Celebs hit Hudson Yards
Per Se’s Thomas Keller had a friends and family night at his new Hudson Yards restaurant Tak Room, and several stars were in attendance, including Martha Stewart, Christine Baranski, Susan Sarandon, Arianna Huffington, and John McEnroe. The former Times food critic Frank Bruni was also there.
Openings, coming attractions, and closings
Trader Joe’s is “secretly” plotting a new massive location inside the Park Imperial condo building at Broadway and West 55th Street in Midtown, according to the Post. It’s apparently a secret because the company is trying to take competitor Whole Foods by surprise.
The second NYC outpost of Australian cafe Wattle Cafe opened at 152 Second Ave., between Ninth Street and 10th Street and serves breakfast and lunch foods like sandwiches and toasts. Signage also arrived nearby at 192 East Second St., between Avenue A and Avenue B for a new Mediterranean small plates restaurant called Plado.
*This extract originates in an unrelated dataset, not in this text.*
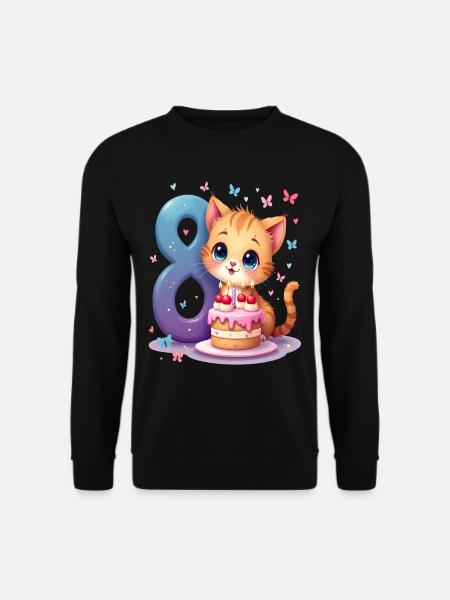 Cute Kitten 8th Birthday Girl - Unisex Sweatshirt - black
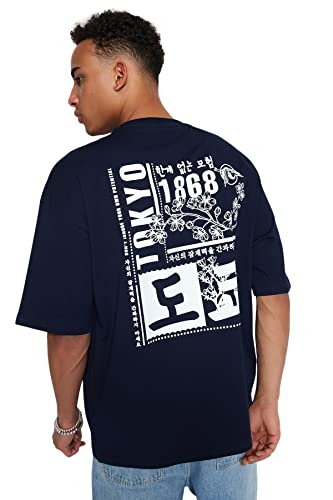 Trendyol Unisex Oversize Basic Crew Neck Knit T-Shirt Herren Rundhals, Marineblau, L von TRENDYOL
Fast-casual health foods spot Tender Greens is plotting a new location for 59 Bleecker in Noho.
Meanwhile, the Upper East Side location of old-school burger joint JG Melon is temporarily closed for renovations and is set to reopen at the end of the month. And Sunita Bar on the Lower East Side shuttered after 16 years in business.
Organization fights for the historic landmarking of recently sold White House Tavern
Nearly 140-year-old famed Greenwich Village literary hangout White Horse Tavern was recently sold to landlord Steve Croman, who has a reputation for tenant harassment and has served jail time and was forced to pay $8 million to former tenants in 2017. The restaurant is set to be run by Eytan Sugarman, but the community is wary of the change of hands. The Greenwich Village Historic Preservation has submitted documents asking the the city’s Landmarks Preservation Commission to designate the interior of the restaurant an NYC landmark. The exterior has already been deemed so, but the organization argues that without protecting the inside, the original woodwork and fixtures could be altered or destroyed.